Call-by-value is not a single evaluation strategy, but rather the family of evaluation strategies in which a function's argument is evaluated before being passed to the function. While many programming languages (such as Eiffel and Java) that use call-by-value evaluate function arguments left-to-right, some evaluate functions and their arguments right-to-left, and others (such as Scheme, OCaml and C) leave the order unspecified (though they generally require implementations to be consistent).

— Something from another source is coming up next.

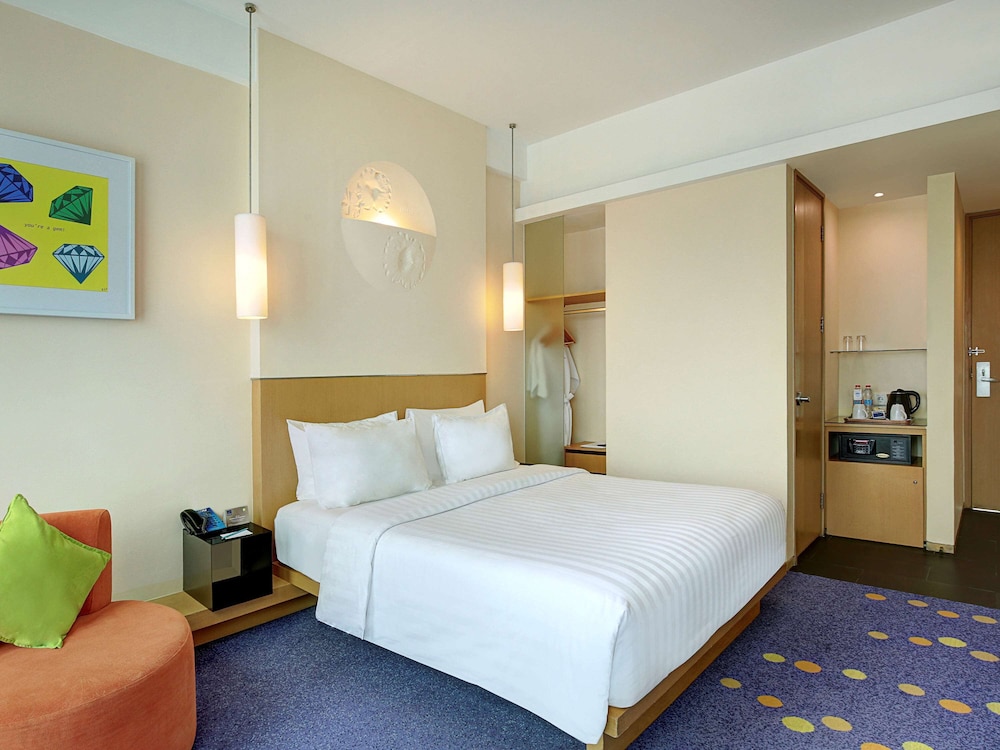 NOVOTEL BANDUNG 20/73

In some cases, the term "call-by-value" is problematic, as the value which is passed is not the value of the variable as understood by the ordinary meaning of value, but an implementation-specific reference to the value. The description "call-by-value where the value is a reference" is common (but should not be understood as being call-by-reference); another term is call-by-sharing. Thus the behaviour of call-by-value Java or Visual Basic and call-by-value C or Pascal are significantly different: in C or Pascal, calling a function with a large structure as an argument will cause the entire structure to be copied, potentially causing serious performance degradation, and mutations to the structure are invisible to the caller. However, in Java or Visual Basic only the reference to the structure is copied, which is fast, and mutations to the structure are visible to the caller.
Call by sharing
Also known as "call by object" or "call by object-sharing" is an evaluation strategy first named by Barbara Liskov et al. for the languageCLU in 1974.[1] It is used by languages such as Python,[2] Iota, Java (for object references),[3] Ruby, Scheme, OCaml, AppleScript, and many other languages. However, the term "call by sharing" is not in common use; the terminology is inconsistent across different sources. For example, in the Java community, they say that Java is pass-by-value, whereas in the Ruby community, they say that Ruby is pass-by-reference[citation needed], even though the two languages exhibit the same semantics. Call-by-sharing implies that values in the language are based on objects rather than primitive types.

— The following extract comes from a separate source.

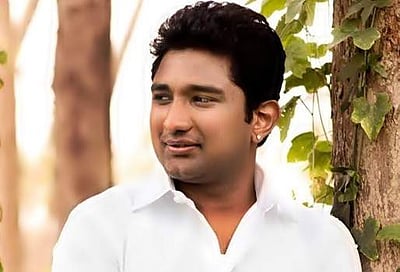 குடும்பமே போர்ஜரி குடும்பம்: விவேக் ஜெயராமனை தாளித்த ஜெயக்குமார்! 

The semantics of call-by-sharing differ from call-by-reference in that assignments to function arguments within the function aren't visible to the caller (unlike by-reference semantics)[citation needed], so e.g. if a variable was passed, it is not possible to simulate an assignment on that variable in the caller's scope. However since the function has access to the same object as the caller (no copy is made), mutations to those objects, if the objects are mutable, within the function are visible to the caller, which may appear to differ from call-by-value semantics. For immutable objects, there is no real difference between call-by-sharing and call-by-value, except for the object identity.